Since I like to simplify, I like to think of family offices as existing to take care of the “business of the family” rather than the “family business.”  It is a subtle, yet crucial difference.family office

In its simplest and most comprehensive sense, a family office is an organization or group of organizations which provide planning, compliance, and administrative services to one or more generations of a family.  These services are designed to preserve, enhance, and grow the already attained wealth of the family.  Importantly, the family office is not an operating company that creates wealth; it is a vehicle to manage and administer family wealth for current and future generations.  To the extent that a family office is involved with managing money for its clients, certain registration and compliance rules apply; these are beyond the scope of today’s discussion.

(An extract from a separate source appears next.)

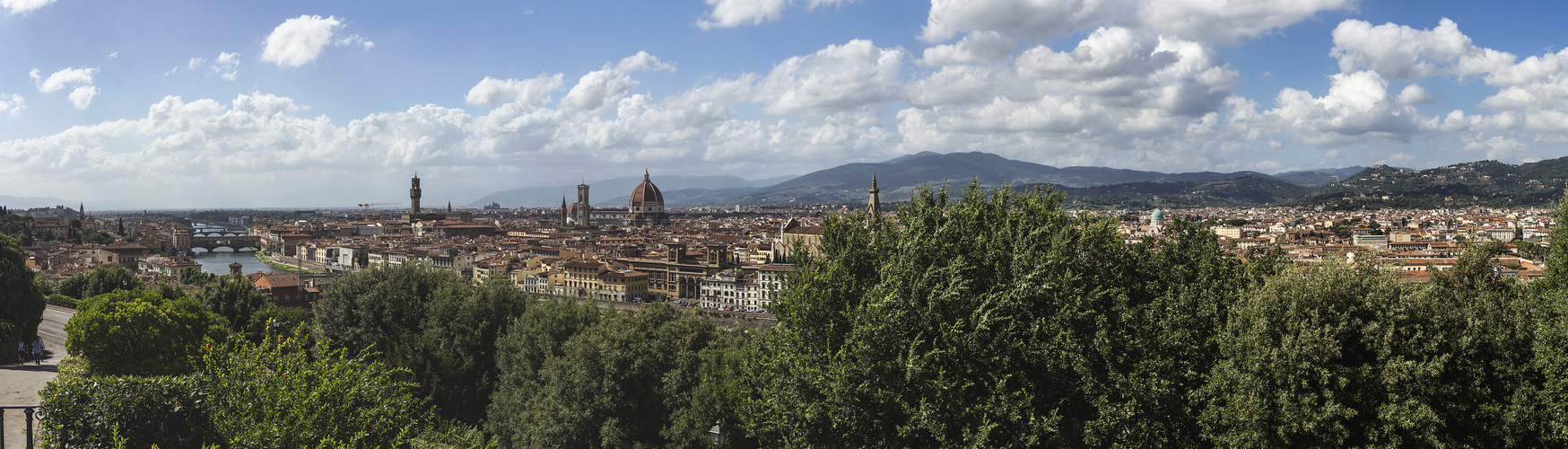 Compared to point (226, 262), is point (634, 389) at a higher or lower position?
higher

Ok, so I guess I DO know what a family office is!

These days, most family offices are started after the liquidation of a family operating business resulting in a large infusion of liquid capital to the family unit.  The patriarch/matriarch is often not as interested in “running the money” as they were in “running the family business” and the hiring of outside advisors and delegation of control often occurs.

There are two basic types of family offices, the single-family office (SFO’s) and the multi-family office (MFO’s).  Generally speaking, SFO’s are not economically viable unless there is a truly substantial amount of wealth, say $100 million or more.  As in days of yore, these offices come in a wide variety of flavors and can be as simple as a single employee organizing the multiple members of the family to full-fledged enterprises with a CEO, CIO, accountants, bookkeepers, and other professionals on staff at the beck and call of the family members.  MFO’s serve more than one family and may be private enterprises, combined to share infrastructure costs or may be public, commercial vendors organized around the wealth management model.  We tend to think of MFO’s being housed in private banks and money management firms.

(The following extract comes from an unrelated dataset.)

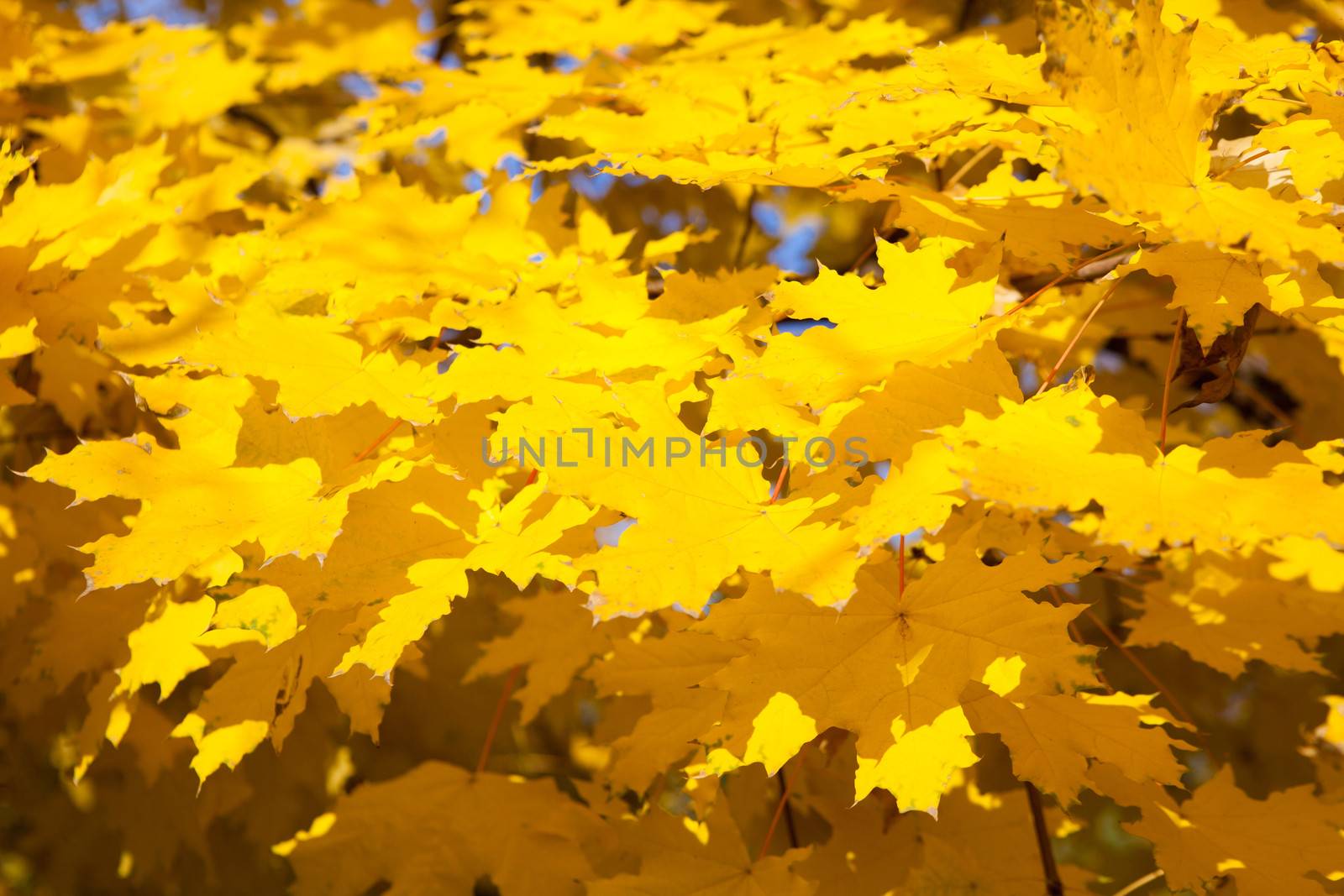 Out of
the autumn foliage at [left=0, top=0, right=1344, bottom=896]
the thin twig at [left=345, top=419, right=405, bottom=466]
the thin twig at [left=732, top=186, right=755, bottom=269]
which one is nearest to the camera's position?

The third type of family office is actually a variation on the theme of the MFO.  It is what I like to call the virtual family office (VFO).  In a VFO, independent high end service providers such as money managers, accountants, attorneys and bankers join forces to form teams to act as family offices without the family having to make the substantial investment required of an SFO.  The virtual family office also has an advantage over a traditional MFO in that the services are not limited to the offerings on the menu of the MFO.
Family offices can also be divided into three classes, with overlap of course, as follows:

  • Class A – Family Office Companies
    • Provide comprehensive financial oversight and estate management
    • Often charge a flat monthly fee
    • Advice is objective; report monthly to clients
  • Class B – Financial Services offered by lawyers, CPA’s and banks
    • Provide investment advice for a fee which may or may not be free from conflicts of interest
    • Can offer products and services outside the normal scope of a family office
    • Do not generally directly manage or administer illiquid assets in an estate.
  • Class C – Basic Estate Services
    • Monitors the estate and reports irregularities to the family or trustee
    • Provides basic administrative services such as bookkeeping and mail sorting
    • Generally run directly by the family

Once the province of the mega-wealthy, the family office has morphed into a concept from which a much wider group of high net worth families can benefit.  Traditional accounting, legal, and investment management relationships have often evolved to include related and much-needed services that go far beyond the scope of the traditional relationship.  As one’s family wealth grows, so does the need for an integrated and comprehensive approach to managing the “business of the family.”